The book Advanced Mean Field Methods mentions the following equation as a result of a "simple gaussian transformation".
$$ exp\left\{\frac{1}{2}\cdot\textbf{s}^T \cdot \textbf{J} \cdot\textbf{s}\right\} = \frac{1}{(2\pi)^{N/2}\sqrt{det(J)}} \int_{-\infty}^\infty \prod_i dx_i \exp\left\{-\frac{1}{2}\sum_{ij}x_i(\textbf{J}^{-1})_{ij}x_j + \sum_ix_iS_i\right\} $$
It is assumed that $\textbf{J}$ is positive definite. I would like to derive this for myself as I try to with all the expression I come across.
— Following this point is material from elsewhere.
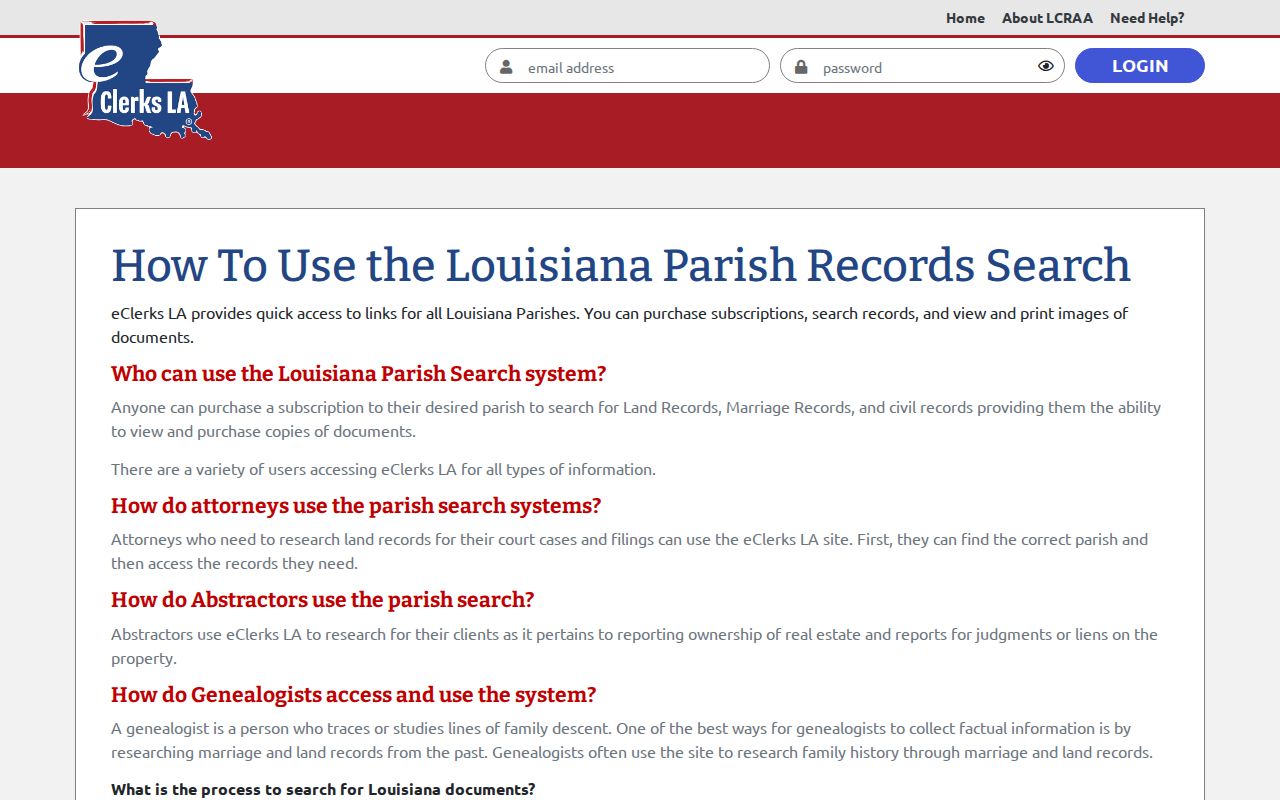 Monroe resident lookup through the statewide eClerks parish index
Looking at the right-hand side, it is very similar to a multivariate normal distribution with $\mu = \textbf{s}$ and $\Sigma=\textbf{J}$
$$\frac{1}{(2\pi)^{N/2}\sqrt{det(J)}} \exp\left\{-\frac{1}{2}(\textbf{x}-\textbf{s})^T\textbf{J}^{-1}(\textbf{x}-\textbf{s})\right\}$$ $$ = \frac{1}{(2\pi)^{N/2}\sqrt{det(J)}} \exp\left\{-\frac{1}{2}\left(\textbf{x}^T\textbf{J}^{-1}\textbf{x} + \textbf{s}^T\textbf{J}^{-1}\textbf{s}\right) +\textbf{x}^T\textbf{J}^{-1}\textbf{s}\right\}. $$
We are missing some terms and gaining some extra terms. Here, I don't know how to proceed, or if I am on the right track. I would like to take the expectation of some $g(\textbf{x}) =e^{f(\textbf{x} ; \textbf{s})}$ with respect to the multivariate normal above to cancel the extra terms and add the missing ones. However, my attempts at solving for such an $g$ does not lead to an easily interpretable one nor give reason to think we would have equality. I feel I am not taking the right approach.
I would greatly appreciate ideas and insights. Thank you.